Michael Jordan, Kevin Durant Among New Investors for Creator of NBA Top Shot
Michael Jordan, Kevin Durant and Klay Thompson are among the latest current and former NBA players to invest in Dapper Labs, the startup company behind the NFT trading-card platform NBA Top Shot.
The company announced a $305 million funding round on Tuesday as the digital collectibles market continues to boom.
Other investors in the latest round of funding include Ashton Kutcher's Sound Ventures, Will Smith's Dreamers VC, rapper 2 Chainz and The Chernin Group.
According to Business Insider, the latest batch of funding brings Dapper Labs' valuation to $2.6 billion.
"We want to bring the same magic to other sports leagues as well as help other entertainment studios and independent creators find their own approaches in exploring open platforms," Dapper Labs CEO Roham Gharegozlou said in a statement.
NBA Top Shot was developed in partnership with the NBA and National Basketball Players Association, providing an online forum for trading virtual basketball cards in the form of video clips of their favorite players called "moments."
What's All the Fuss About NBA Top Shot?
Less than five months into beta testing, the platform has more than 800,000 registered users. As of March 17, more than $370 million had exchanged hands between users on the marketplace with millions more believed to be spent on packs.
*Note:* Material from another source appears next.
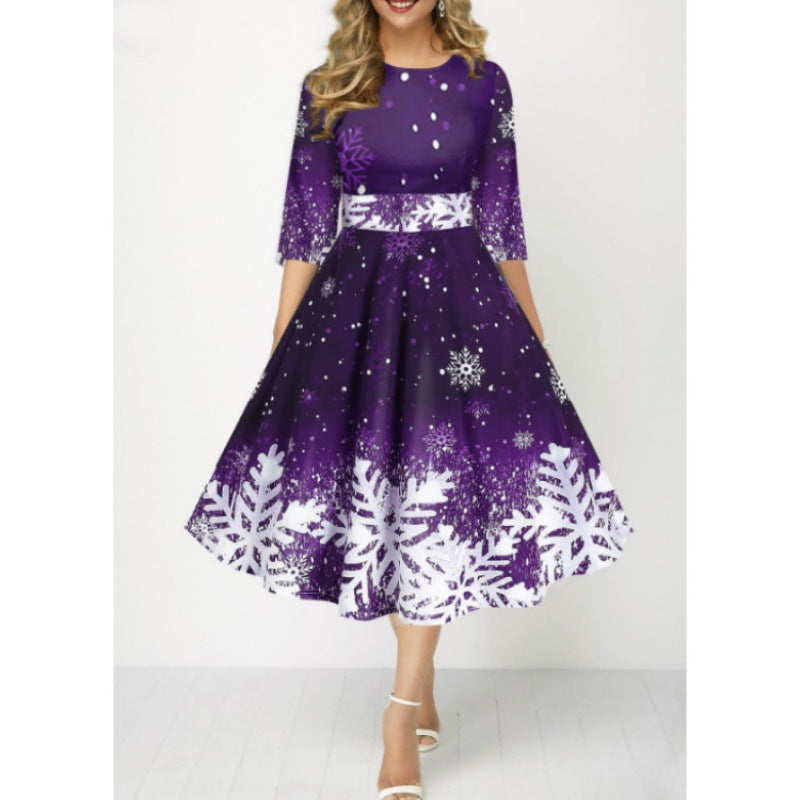 Women's Christmas style mid-length sleeve waist dress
Mike McCoy, an adjunct professor of emerging technology at Thomas Jefferson University, told Sports Illustrated that the shock skeptics experience when a Top Shot moment sells for six figures stems from a newness in the NFT's market.
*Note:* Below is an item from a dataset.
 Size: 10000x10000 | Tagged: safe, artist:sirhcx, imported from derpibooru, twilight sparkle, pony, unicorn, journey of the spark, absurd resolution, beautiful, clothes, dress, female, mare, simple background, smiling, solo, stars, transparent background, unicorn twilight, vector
“Ten thousand dollars used to buy a used car—that makes sense to us because we've seen it being bought over time by hundreds of millions of people,” McCoy said. “We haven't had as many examples of people paying for digital collectibles and digital cards or digital representations of physical things. And so the value of that really is just in the eyes of people who are on digital platforms.”
Other NBA players, including Andre Iguodala, Spencer Dinwiddie, Aaron Gordon, JaVale McGee and Garrett Temple, have also previously invested in the project.
“It’s all about the growth and interactions between fans and players,” Iguodala told The Wall Street Journal. “I had a lot of trading cards as a kid, but I don’t personally remember professional athletes being involved in the process.”